By in Debt, Investing, Reader Question, Retirement | 4 comments

Pay Off Debt or Save for Retirement-4 Factors to Consider

Pay Off Debt or Save For Retirement

Michael from Studentloansherpa.com asks:

For people with existing debt, such as credit cards and student loans, is it best to pay off debt or save for retirement? I realize that the interest rate is obviously a big factor here, so at what debt interest rate does putting money towards retirement instead of debt make the most sense?

Michael, I wish it was that simple, if your interest rate is x percent, pay off debt; if your interest rate is y percent, then save for retirement. Like many investing and money questions, there are several factors to examine when deciding whether to  pay off debt or save for retirement-or even tackle both at one time.

1. Does Your Employer Offer a Retirement Plan Investing Match?

Would you walk past $1,000 on the sidewalk or would you bend down and pick it up? This isn’t as stupid a question as it sounds. In fact, many workers are doing just that-walking past $1,000, $2,000, or more in free money every year. 

If your employer matches a certain percent of your investment in a workplace retirement account, you must contribute up to the match amount. Imagine that Katie earns $50,000 per year and that her employer, Creativity Company matches the first 5 percent Katie invests in the company 401(k) plan. So if Katie invests $208 per month in her retirement plan, the employer chips in an additional $208 for a total $416 per month investment. (Monthly salary is $4167 x 5%=$208). If Katie skips retirement investing until her debt is paid off, then she’s throwing away $2,496 ($208 x 12) in one year.

Regardless of your debt level, invest up to the employer match.

Pay Off Debt or Save for Retirement

2. Pay off Debt Until it Hurts

I know, many of you have mountains of credit card and student loan debt. And it seems impossible to pay it off.

It’s not.

Understand that by hanging on to debt, you are not only paying the original amount of the loan, but interest payments that don’t stop until the debt is gone. Depending upon how long it takes to pay off $20,000 debt, you could end up paying up to $50,000 in principal and interest payments if you string out your repayment.

Think about this, if your average debt interest rate is 11 percent and a diversified investment portfolio averages a 7 percent average return, you’re losing 4 percent interest by investing while paying off debt (11% debt interest rate – 7% investment return).

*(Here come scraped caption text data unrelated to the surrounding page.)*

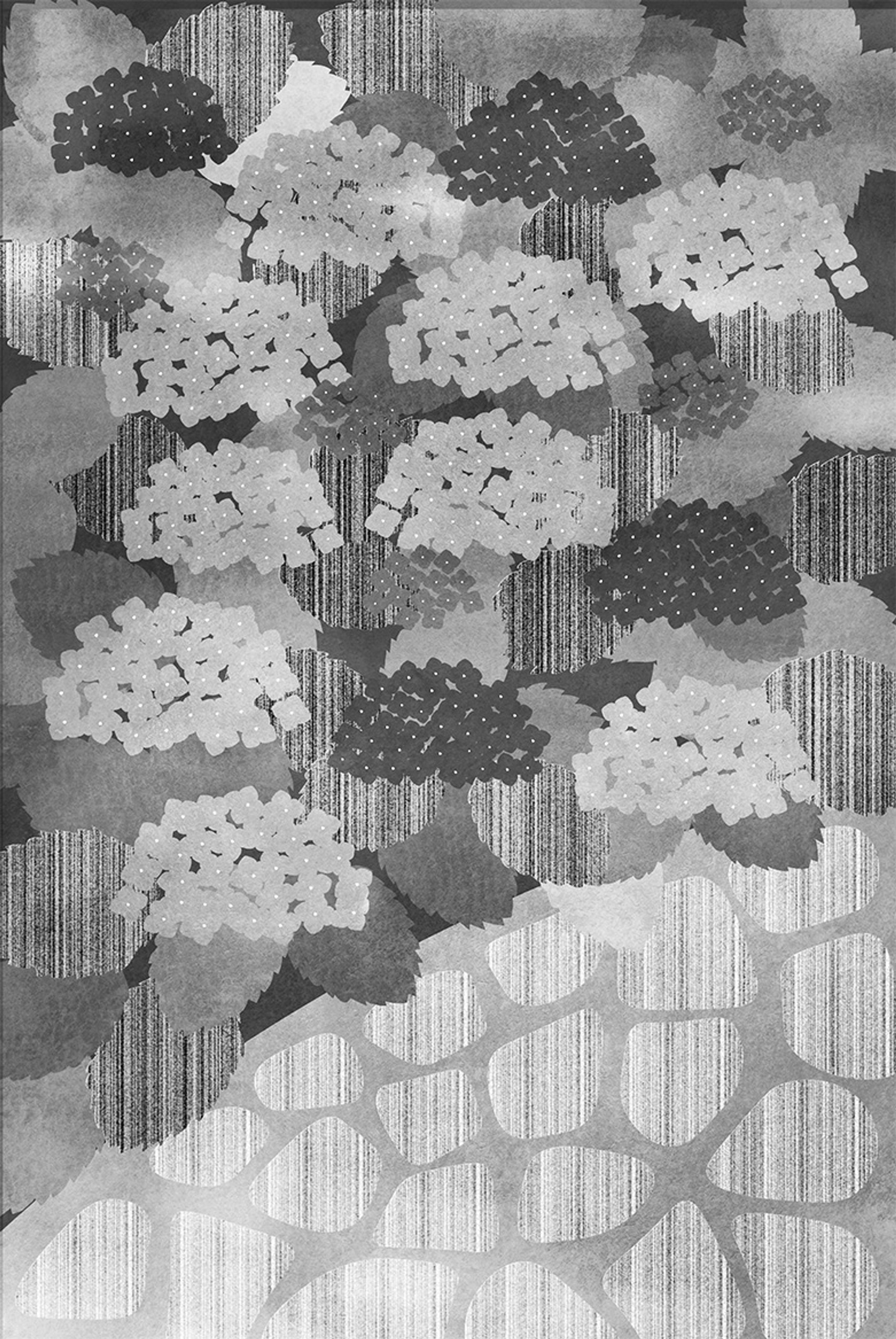 紫陽花-1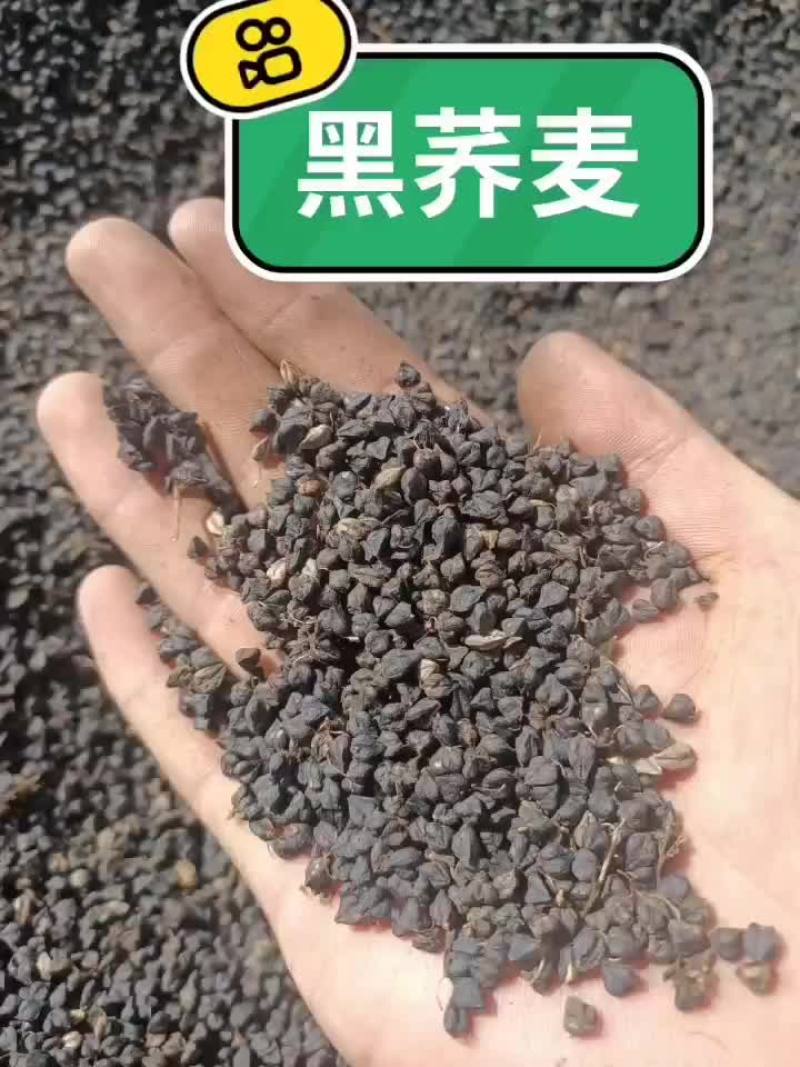 黑荞麦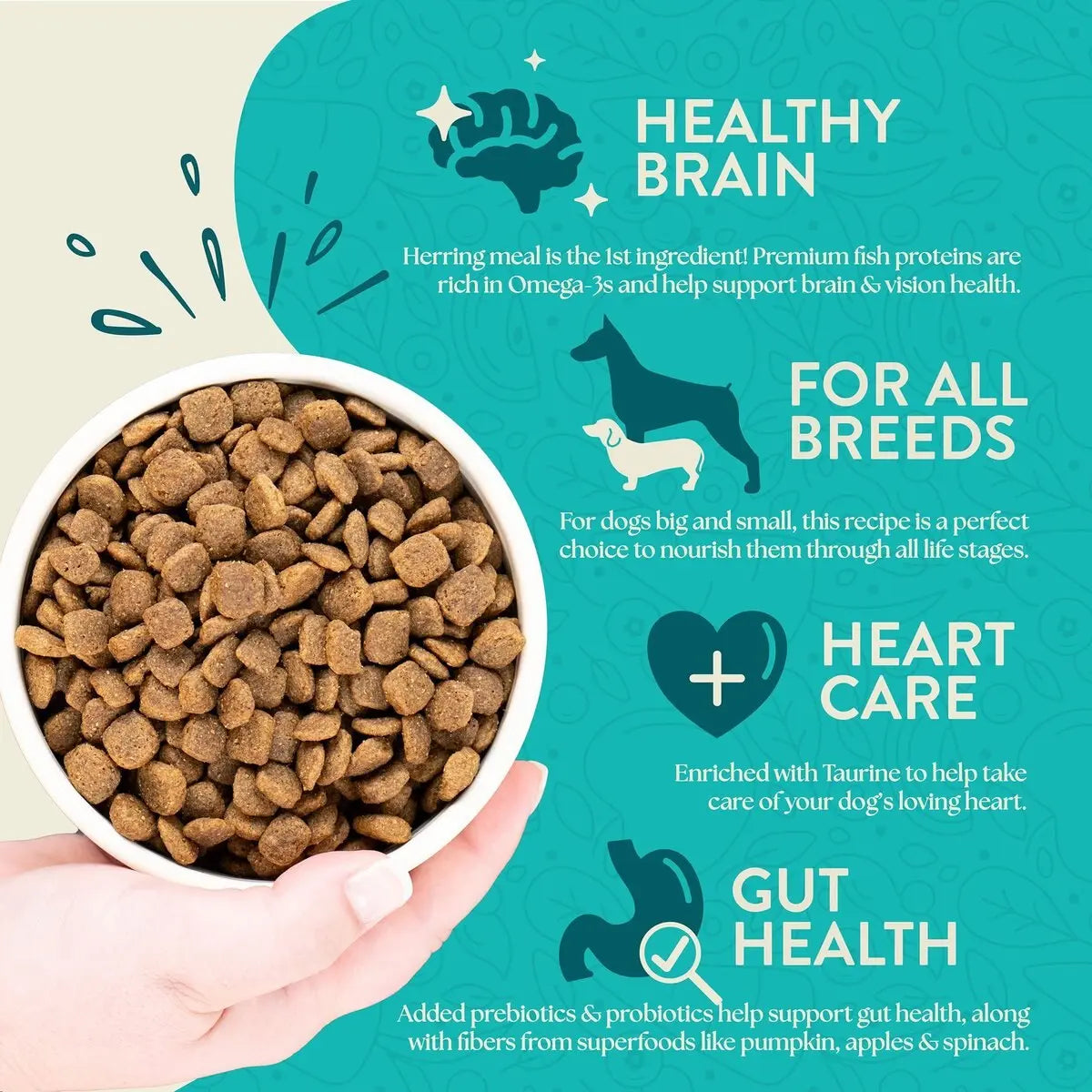 Earthborn Holistic Coastal Catch Premium Grain-Free Dry Dog Food with Herring Meal and Vegetables for Dogs of All Ages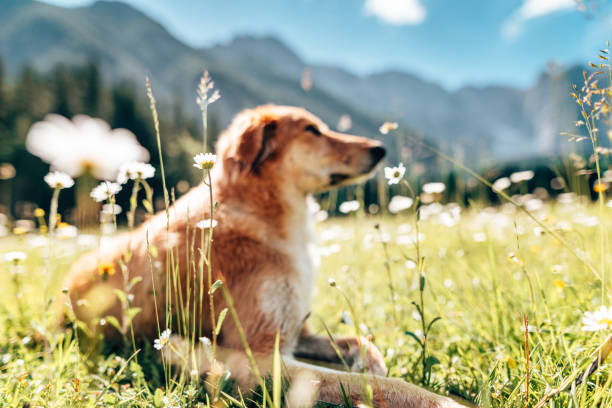 istock dog in the dolomites 1322108904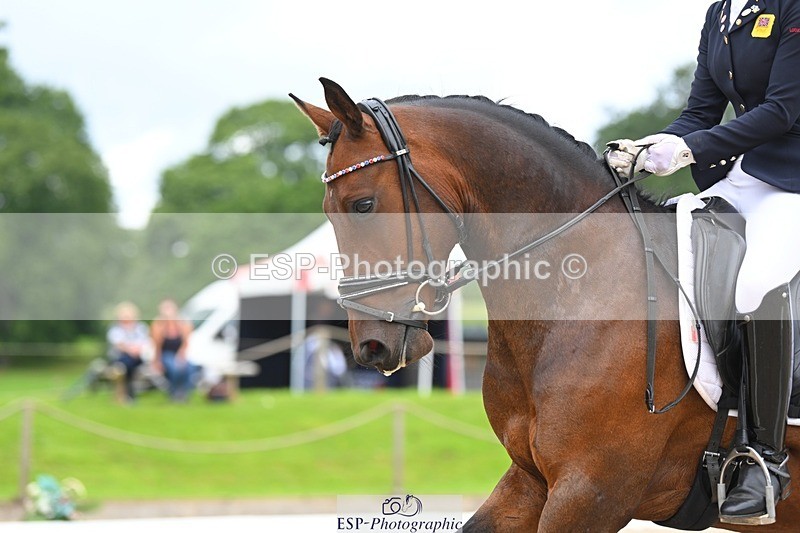 230813-103838-06381 - Cls 12 Elem Silver 10.35 to End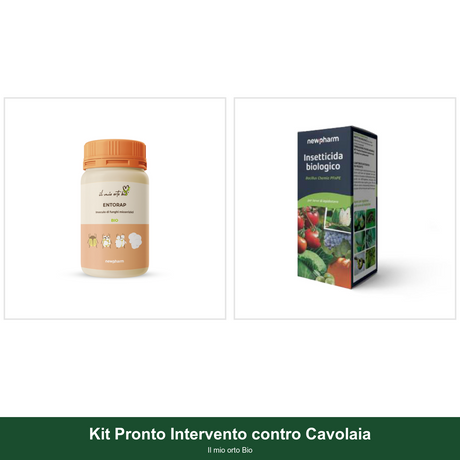 Kit Pronto Intervento contro Cavolaia - Il mio orto Bio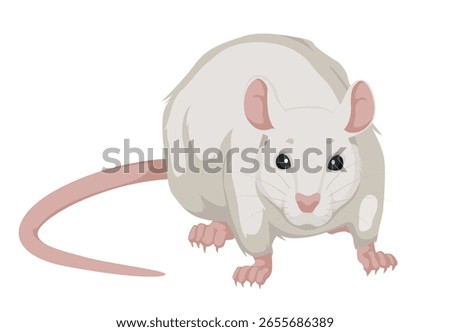 Sitting Rat front view full face. Rat isolated on white background. Rat icon Vector illustration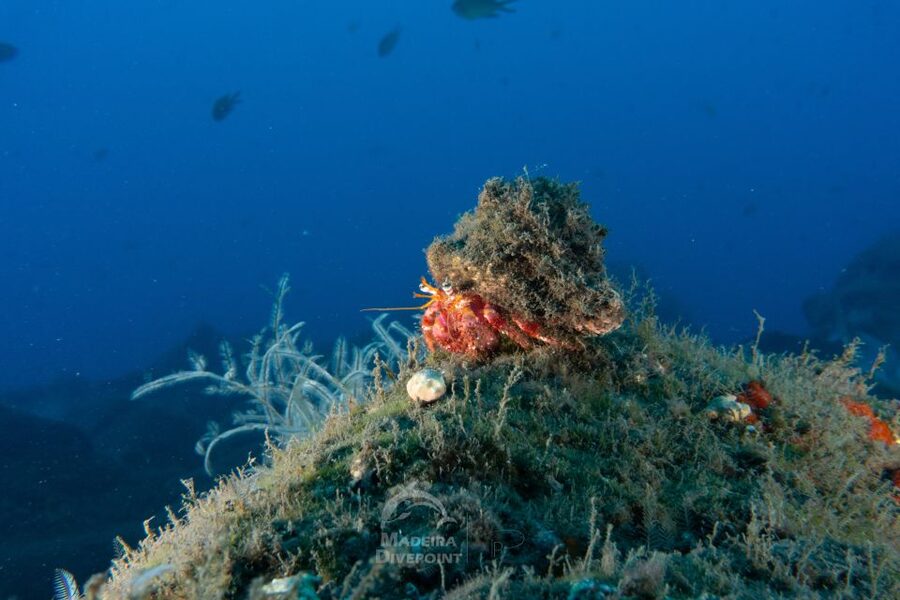 Funchal: Certified Scuba Diving, Guided Tour - Underwater Scooter Time: More Fun per Minute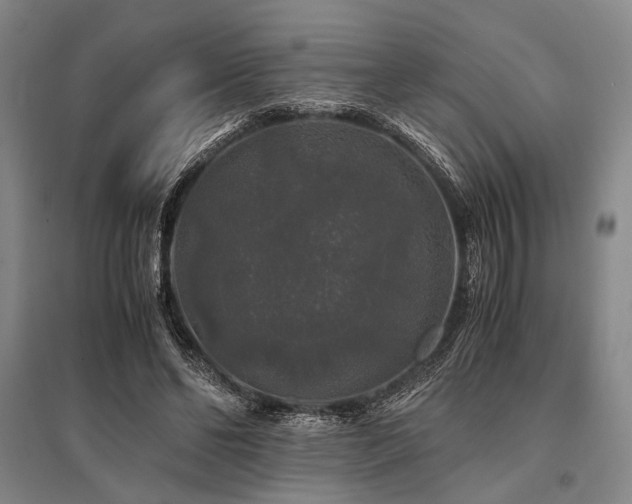 X0000095520494200712141449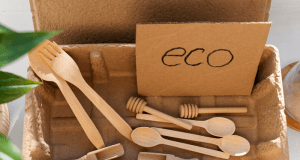 Eco-Friendly Moving: Sustainable Tips to Reduce Your Carbon Footprint While Relocating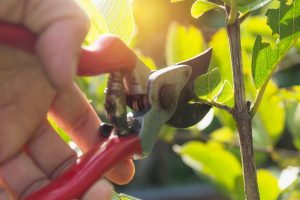 Pruning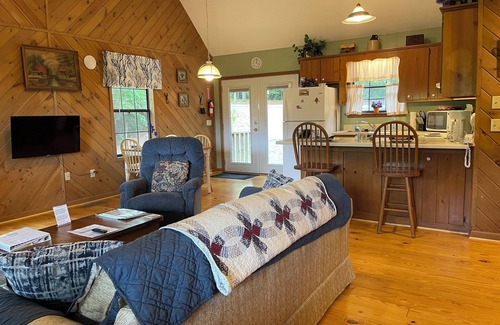 Hiawassee Cabina | Violet Cabin - Beautiful Mountain View, Rustic Charm w/ Jacuzzi & Wood Fireplace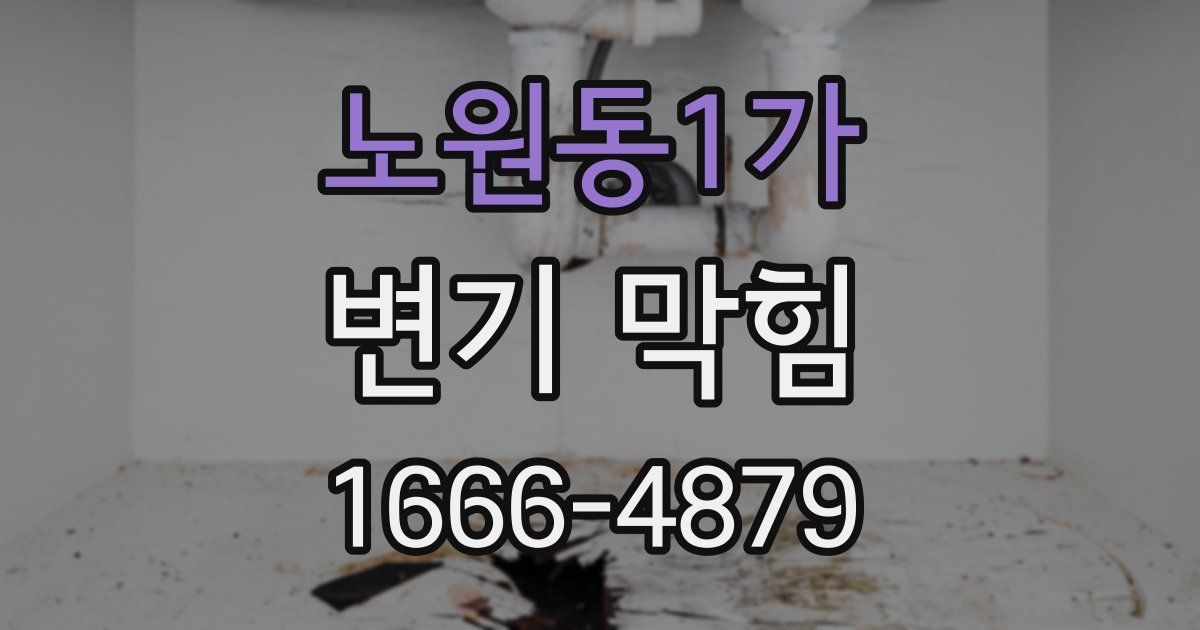 노원동1가 변기 막힘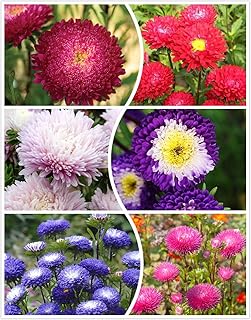 200+ Almanac Aster Seeds Annual Callistephus Tall Double Gremlin Aster Flower Seed Attracts Butterflies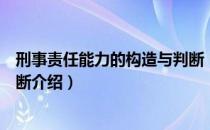 刑事责任能力的构造与判断（关于刑事责任能力的构造与判断介绍）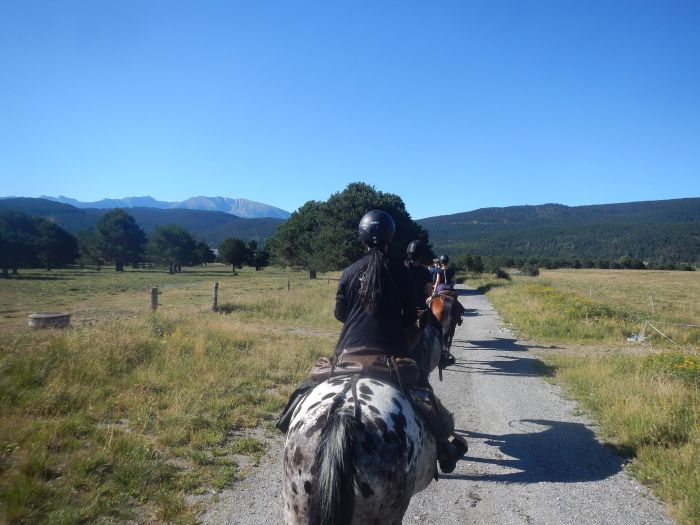 Horseback riding in the Pyrenees and introduction to trail riding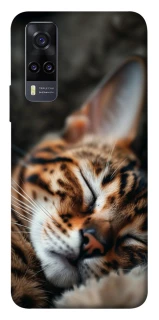 Чехол на Vivo Y31 Cat paws фото 1 из 1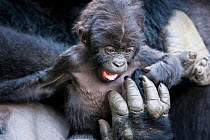 Eastern lowland gorilla (Gorilla beringei graueri) baby playing in mother's arms, Kahuzi Biega NP, Democratic Republic of Congo.  Gorille de plaine de l'Est, Republique Democratique du Congo.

Do not delay, start paying off your debt today.

For a personal story about the beginning sacrifices of my investing background, download the free Investing Cheat sheet.

3. Pay Off Debt or Save For Retirement (if you lack an employer retirement match)

This is a more difficult decision. There are many factors to think about when tackling this decision. But, I’m going to make it a bit easier for you.

Contribute to a retirement account and pay off debt.

Would you believe that if you start contributing to a Roth IRA or other type of retirement plan at age 25 versus starting at age 30 or 35, you can net hundreds of thousands more dollars at retirement. There’s a great benefit to starting retirement contributions in your 20’s.

See how much money you gain by starting to invest earlier. 

Start contributing $400 per month at age 25 into a retirement account and stop contributing at age 68. Assume you earn an average of 7 percent over 43 years. At retirement your $400 monthly contribution (total amount contributed is $206,400) is worth $1,318,096. Your initial investment increased over 6 times.

Wait just 10 years until age 35 to start investing. Contribute the same $400 per month and stop contributing at age 68. Assume you earn an average of 7 percent over 33 years. At retirement your $400 monthly contribution (total amount contributed is $158,400) is worth $621,228. By waiting 10 years to invest, your retirement contributions increased less than 4 times.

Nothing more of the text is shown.